**Exercise requirements:**
Return, word for word, every entry in the listing below, but not its images.

----------

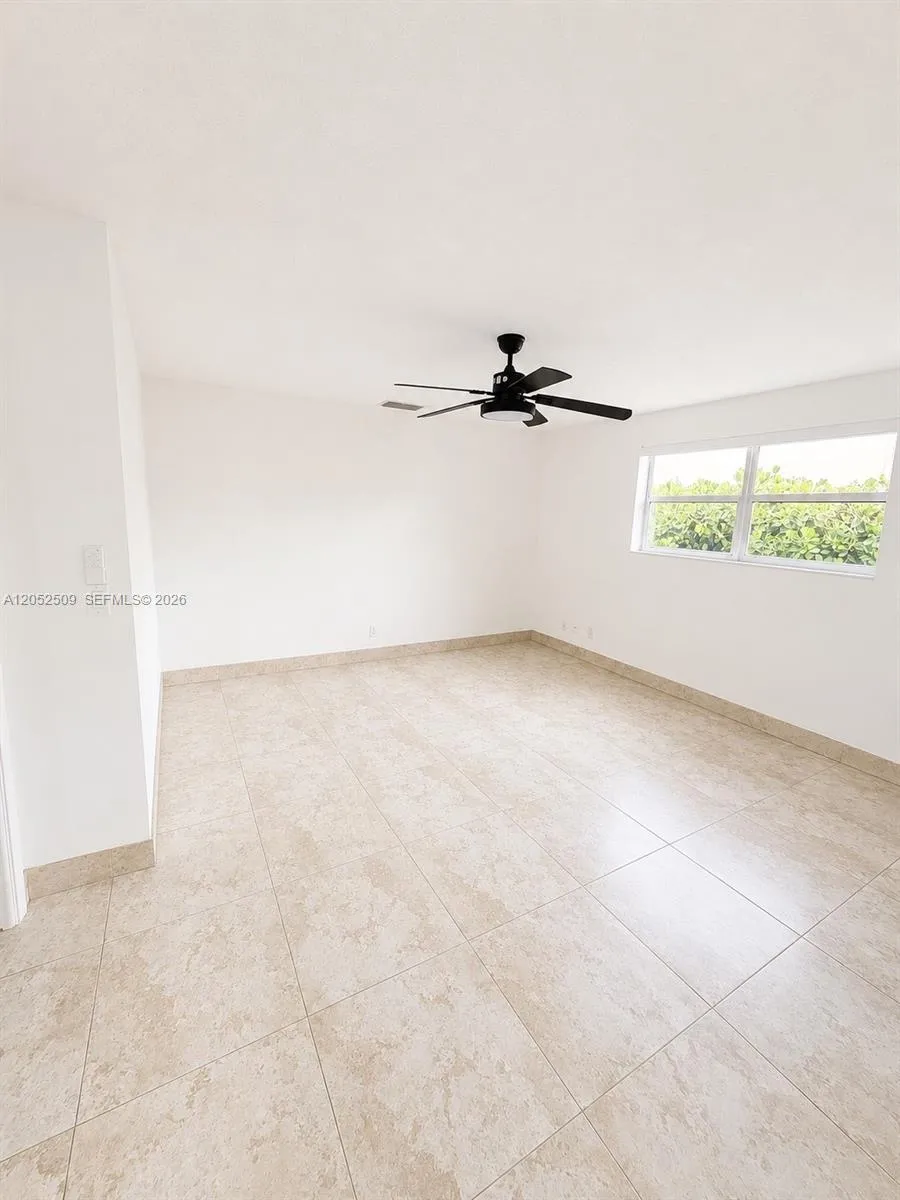3710 54th Ave Hollywood, FL 33021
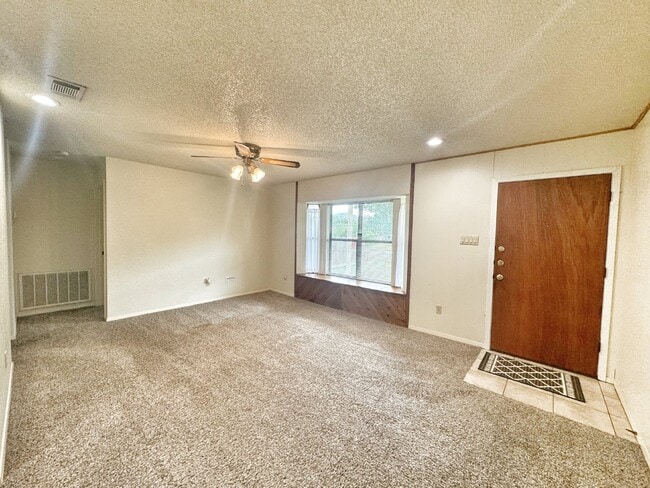Building Photo - "Charming 2-Bedroom, 1-Bath in Horseshoe F...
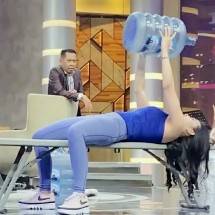 Presenter Cantik Maria Vania angkat galon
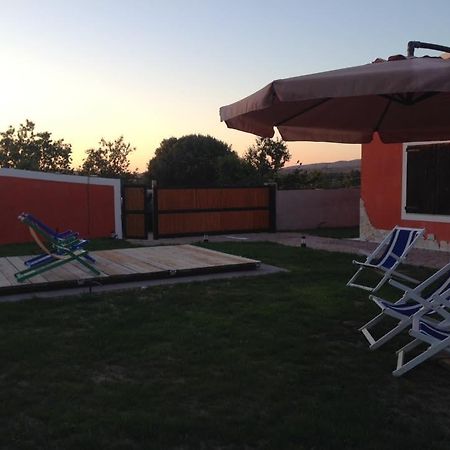 Is Tanas Bed & Breakfast Serdiana Exterior photo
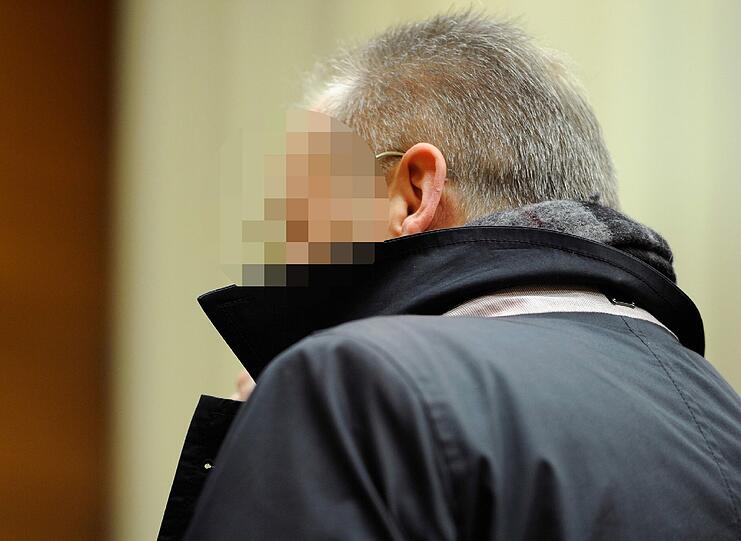 Der ehemalige Polizeichef von Rosenheim, Rudolf M. (r), vor Gericht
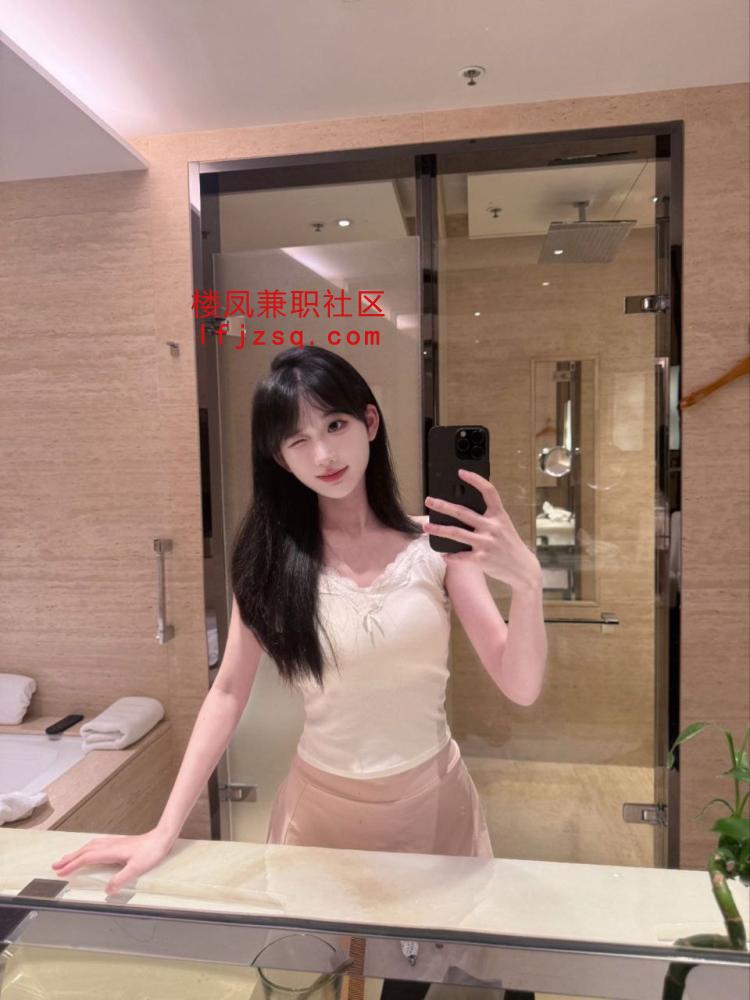 北京小妖精口活一流粉嫩鲍鱼水多拉丝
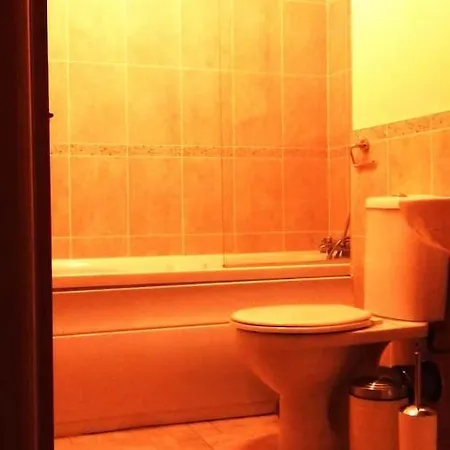 Double With Private Bathroom In Seaside Village 35 Min From Dublin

----------

**Task response:**
3710 54th Ave Hollywood, FL 33021
Building Photo - "Charming 2-Bedroom, 1-Bath in Horseshoe F...
 Presenter Cantik Maria Vania angkat galon
 Is Tanas Bed & Breakfast Serdiana Exterior photo
 Der ehemalige Polizeichef von Rosenheim, Rudolf M. (r), vor Gericht
 北京小妖精口活一流粉嫩鲍鱼水多拉丝
 Double With Private Bathroom In Seaside Village 35 Min From Dublin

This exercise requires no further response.